= Goal of the exercise =
For the listing that follows, give again exactly the lines from the one with "43x43 Ready To Ship Coffee Walnut Table Gizz" to the one with "Cables & Interconnects", including both.

= Data records =
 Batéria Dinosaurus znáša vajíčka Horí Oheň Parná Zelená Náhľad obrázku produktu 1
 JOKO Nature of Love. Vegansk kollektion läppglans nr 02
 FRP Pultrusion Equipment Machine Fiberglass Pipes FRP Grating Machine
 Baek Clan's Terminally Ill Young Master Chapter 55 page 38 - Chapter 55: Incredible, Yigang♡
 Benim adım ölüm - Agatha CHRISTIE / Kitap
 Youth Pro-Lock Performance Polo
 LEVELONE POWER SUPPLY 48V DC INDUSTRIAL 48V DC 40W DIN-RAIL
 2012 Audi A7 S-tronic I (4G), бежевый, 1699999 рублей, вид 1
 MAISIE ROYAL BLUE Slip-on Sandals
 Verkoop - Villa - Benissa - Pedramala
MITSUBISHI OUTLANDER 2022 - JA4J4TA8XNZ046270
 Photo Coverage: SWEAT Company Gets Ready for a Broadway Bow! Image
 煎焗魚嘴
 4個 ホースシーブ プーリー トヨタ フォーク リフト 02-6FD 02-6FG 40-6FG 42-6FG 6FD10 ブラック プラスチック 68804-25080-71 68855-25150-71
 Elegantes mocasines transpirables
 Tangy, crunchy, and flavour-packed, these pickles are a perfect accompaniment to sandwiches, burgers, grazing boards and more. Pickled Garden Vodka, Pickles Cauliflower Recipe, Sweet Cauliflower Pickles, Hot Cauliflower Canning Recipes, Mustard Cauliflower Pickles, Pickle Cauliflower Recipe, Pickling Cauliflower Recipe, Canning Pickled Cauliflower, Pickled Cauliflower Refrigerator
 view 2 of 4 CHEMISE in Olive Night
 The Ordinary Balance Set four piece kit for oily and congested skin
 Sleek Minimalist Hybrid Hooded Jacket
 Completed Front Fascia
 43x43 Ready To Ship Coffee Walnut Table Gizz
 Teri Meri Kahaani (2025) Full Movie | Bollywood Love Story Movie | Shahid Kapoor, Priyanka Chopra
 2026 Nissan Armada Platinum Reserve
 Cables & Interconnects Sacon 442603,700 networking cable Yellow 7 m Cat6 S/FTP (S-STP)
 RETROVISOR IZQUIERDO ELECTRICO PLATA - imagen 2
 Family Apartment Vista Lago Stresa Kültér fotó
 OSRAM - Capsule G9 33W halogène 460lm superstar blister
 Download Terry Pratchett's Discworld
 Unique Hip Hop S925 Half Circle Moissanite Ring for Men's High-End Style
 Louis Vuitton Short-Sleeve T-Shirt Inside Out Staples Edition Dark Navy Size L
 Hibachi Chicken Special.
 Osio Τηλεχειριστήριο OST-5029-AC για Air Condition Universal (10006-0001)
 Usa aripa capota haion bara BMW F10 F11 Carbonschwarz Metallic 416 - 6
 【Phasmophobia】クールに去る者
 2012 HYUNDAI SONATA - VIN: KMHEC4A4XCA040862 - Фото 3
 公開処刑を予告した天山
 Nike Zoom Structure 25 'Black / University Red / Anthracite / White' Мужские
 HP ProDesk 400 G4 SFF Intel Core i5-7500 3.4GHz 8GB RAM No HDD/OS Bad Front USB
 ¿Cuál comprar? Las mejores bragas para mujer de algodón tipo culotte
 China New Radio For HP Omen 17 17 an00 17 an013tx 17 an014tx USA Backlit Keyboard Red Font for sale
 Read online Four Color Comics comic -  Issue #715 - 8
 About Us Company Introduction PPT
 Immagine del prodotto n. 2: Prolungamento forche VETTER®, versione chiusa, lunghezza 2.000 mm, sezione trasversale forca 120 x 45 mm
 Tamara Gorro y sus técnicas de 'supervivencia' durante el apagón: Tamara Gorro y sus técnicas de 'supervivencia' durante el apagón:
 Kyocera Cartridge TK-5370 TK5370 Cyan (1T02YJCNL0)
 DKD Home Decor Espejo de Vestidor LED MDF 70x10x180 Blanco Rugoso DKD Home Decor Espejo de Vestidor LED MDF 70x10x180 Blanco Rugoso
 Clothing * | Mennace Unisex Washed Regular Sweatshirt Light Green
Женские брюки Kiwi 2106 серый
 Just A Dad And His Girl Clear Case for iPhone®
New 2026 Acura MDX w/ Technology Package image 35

= Solution to the exercise =
 43x43 Ready To Ship Coffee Walnut Table Gizz
 Teri Meri Kahaani (2025) Full Movie | Bollywood Love Story Movie | Shahid Kapoor, Priyanka Chopra
 2026 Nissan Armada Platinum Reserve
 Cables & Interconnects Sacon 442603,700 networking cable Yellow 7 m Cat6 S/FTP (S-STP)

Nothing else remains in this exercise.